━━━━━ Records for the exercise ━━━━━
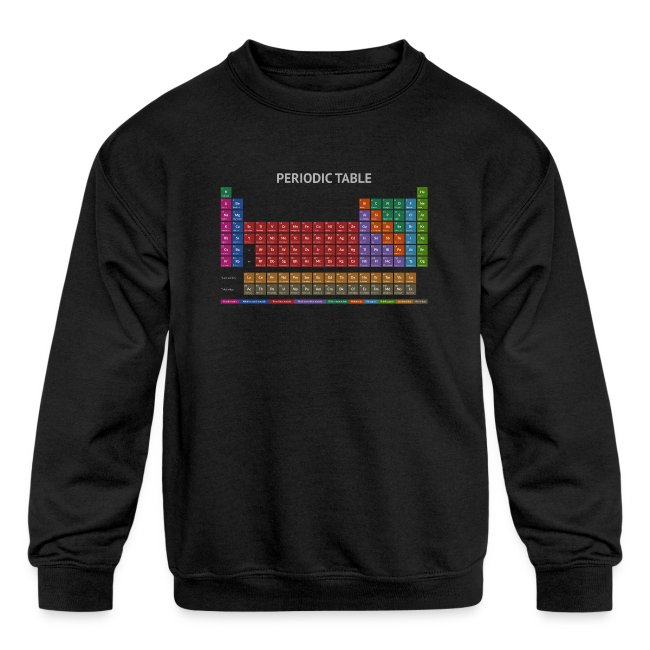 Periodic Table T-shirt (Dark)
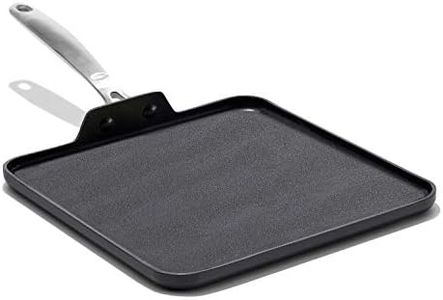 OXO Good Grips Pro 11" Griddle Pan, 3-Layered German Engineered Nonstick Coating, Dishwasher Safe, Oven Safe, Stainless Steel Handle, Black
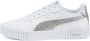 PUMA Carina 2.0 Distressed Sneakers White Silver Dames - Thumbnail 1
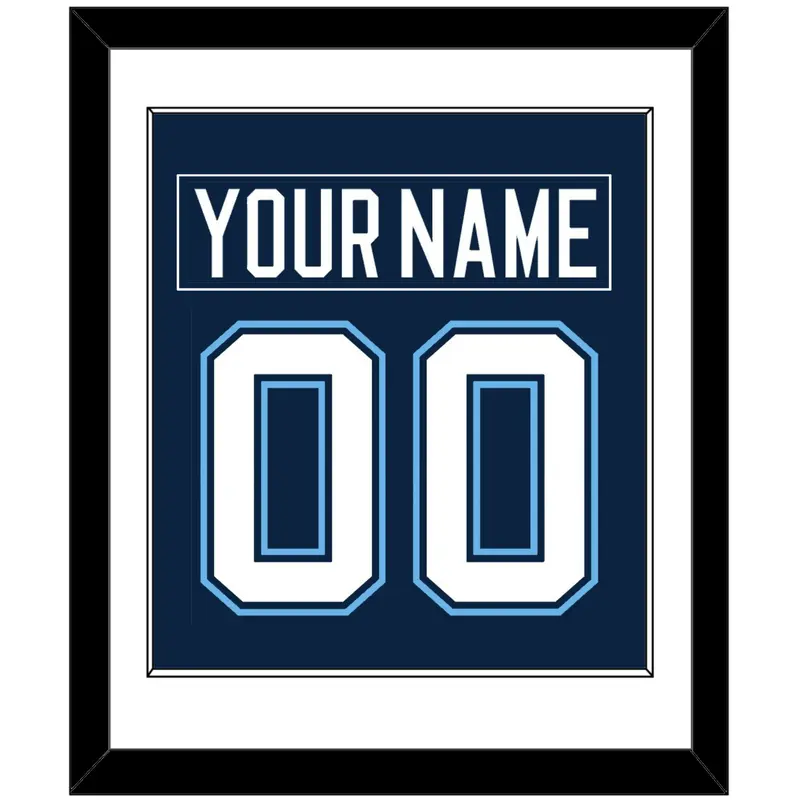 Maine Nameplate & Number (Back) Combined - Road Navy Blue (1994-2008) - Single Mat 1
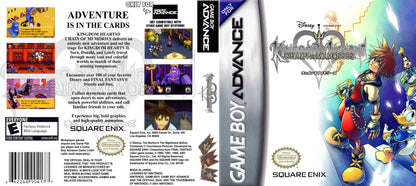 Kingdom Hearts Chain of Memories Cover Art - WOI Solutions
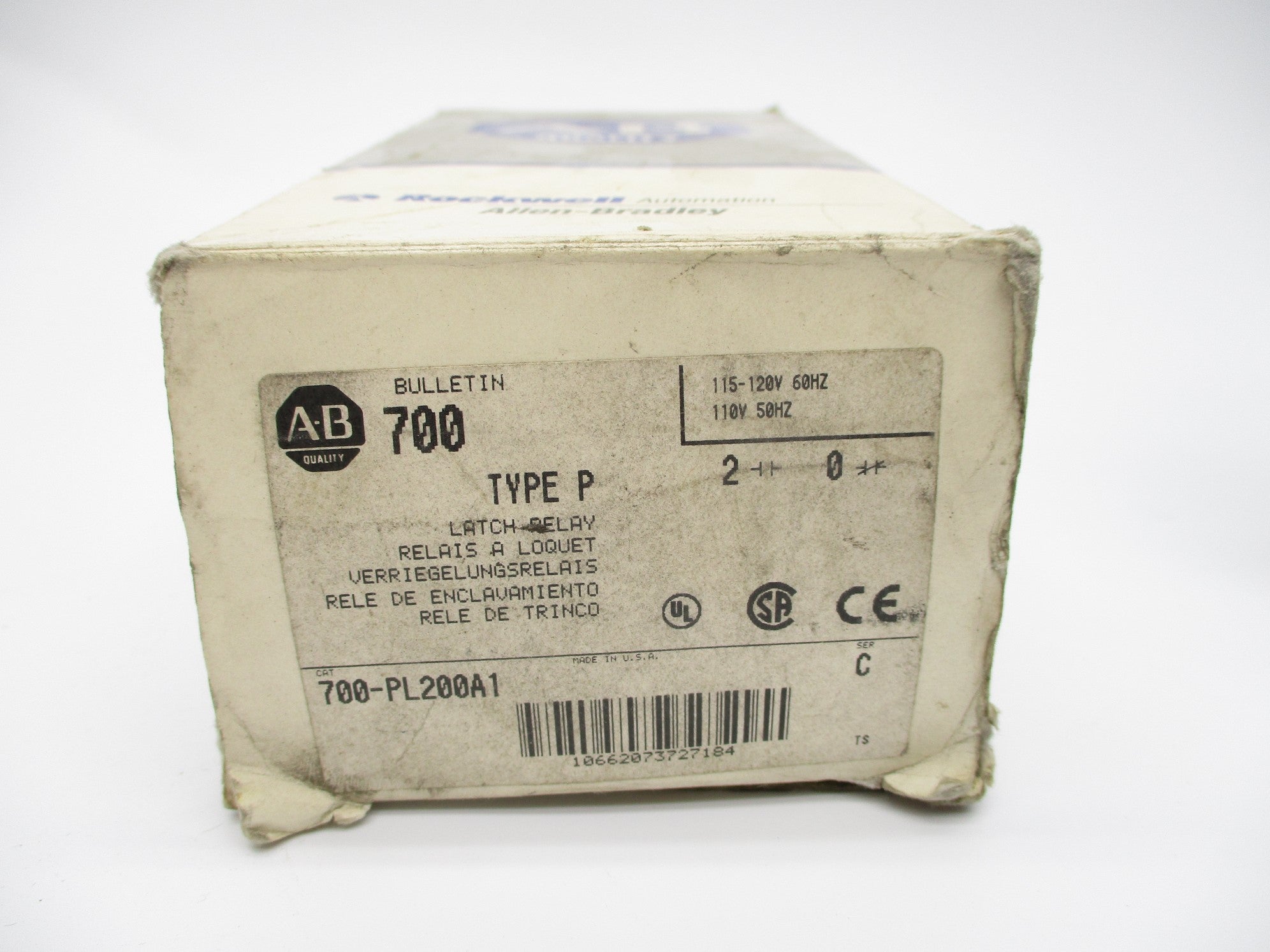 INDUSTRIAL SPARE PART 700-PL200A1 SER. C 110/120V 60A (GY/BL) NSMP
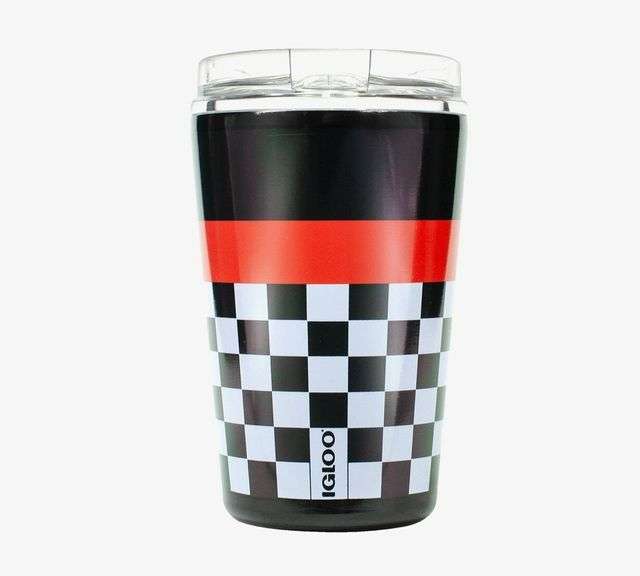 Igloo Checkers Stainless Steel Tumbler – Red/Black/White 12 fl oz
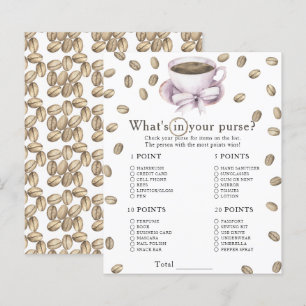 Baby shower café - Ce qu'il y a dans votre sac à m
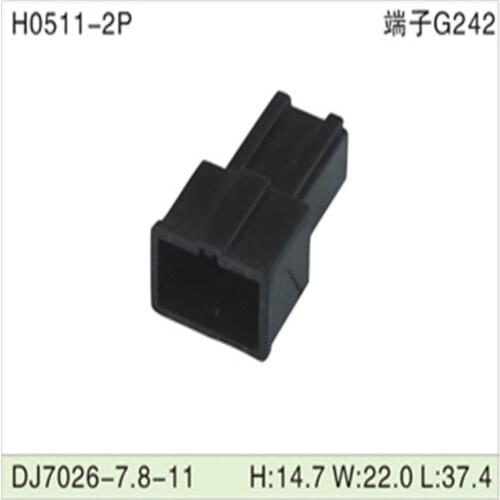 500pcs 2Pin 7.8mm male Auto Motorcycle Electronic Wiring Connector for AUdi,VW,BMW, Honda,Toyota DJ7026-7.8-11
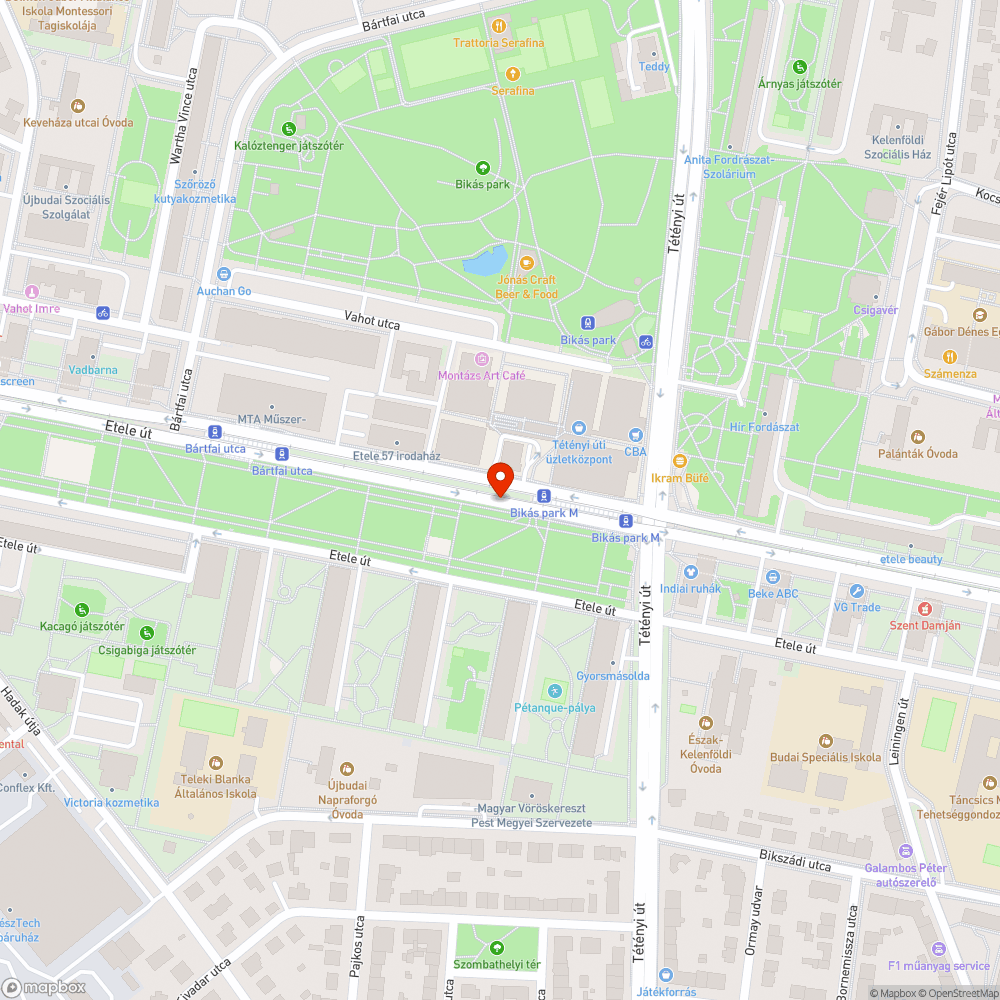 Kialakulóban lévő tó bejelentés helye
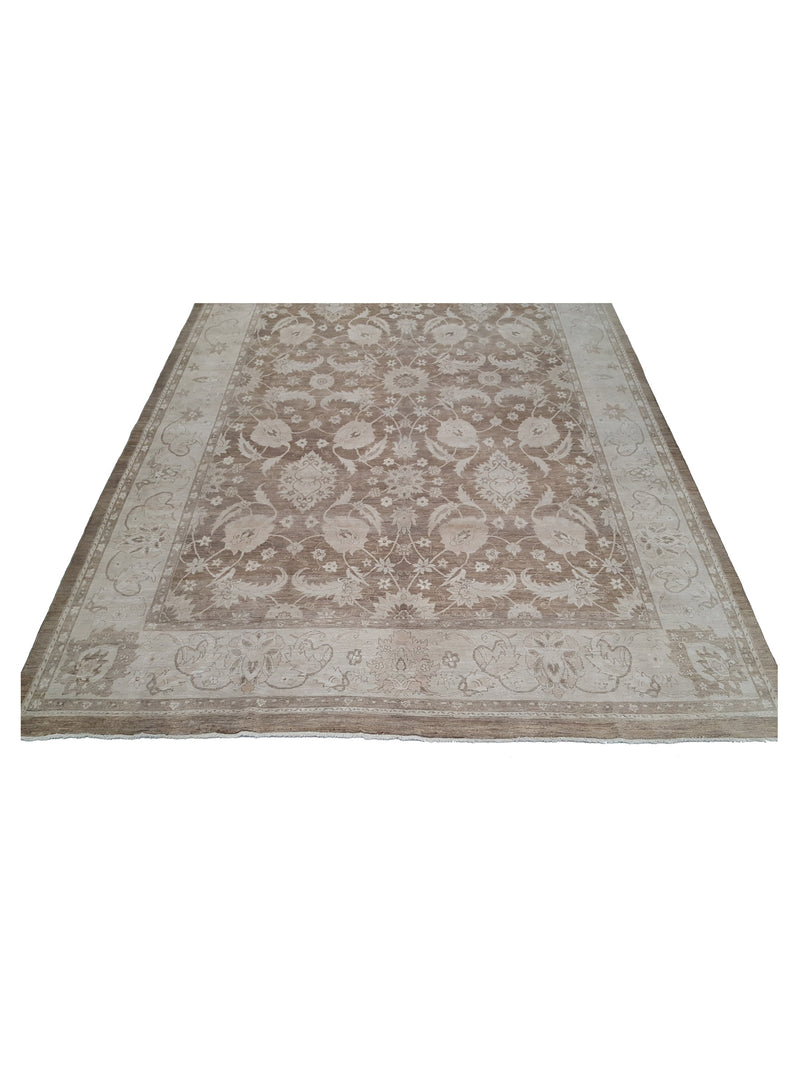 Pacific Ziegler 40055 Brown Gold Transitional Hand Knotted Rug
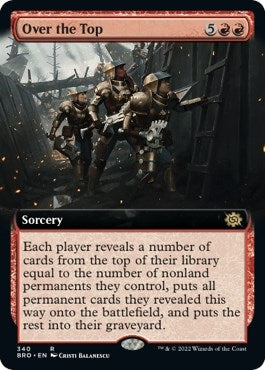 Image for Over the Top (Extended Art) (340) - Magic: The Gathering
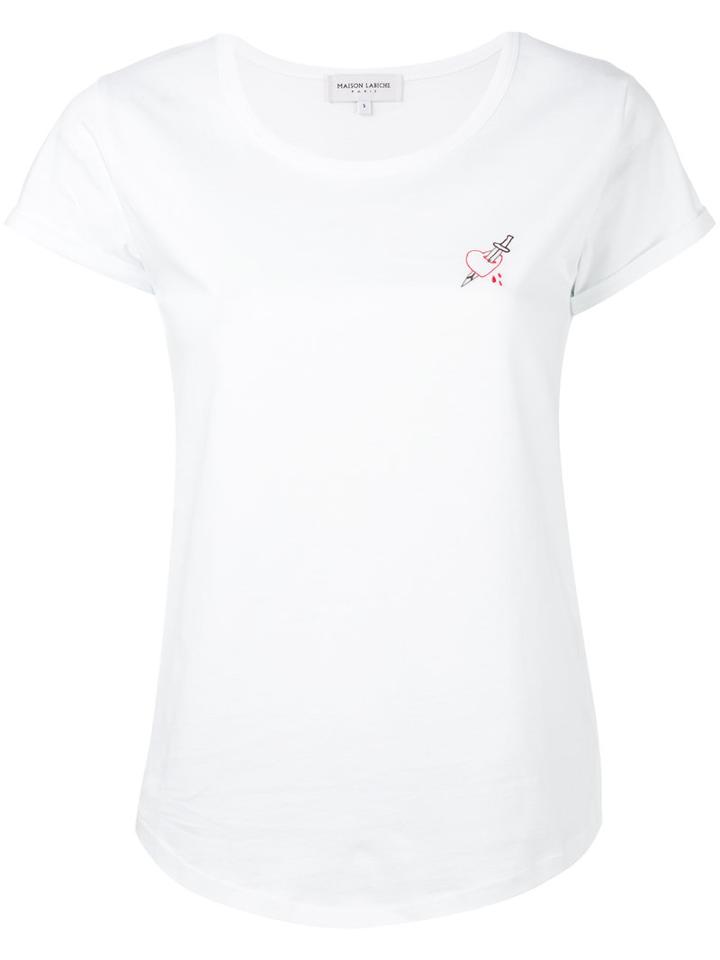 Maison Labiche - Embroidered T-shirt - Women - Cotton - M, White, Cotton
━━━━━
Your goal
Your reply should consist solely of the lines above, from the opening line through the line with "PUMA Carina 2.0", reproduced exactly and without pictures.

Solution to this exercise
 Periodic Table T-shirt (Dark)
 OXO Good Grips Pro 11" Griddle Pan, 3-Layered German Engineered Nonstick Coating, Dishwasher Safe, Oven Safe, Stainless Steel Handle, Black
 PUMA Carina 2.0 Distressed Sneakers White Silver Dames - Thumbnail 1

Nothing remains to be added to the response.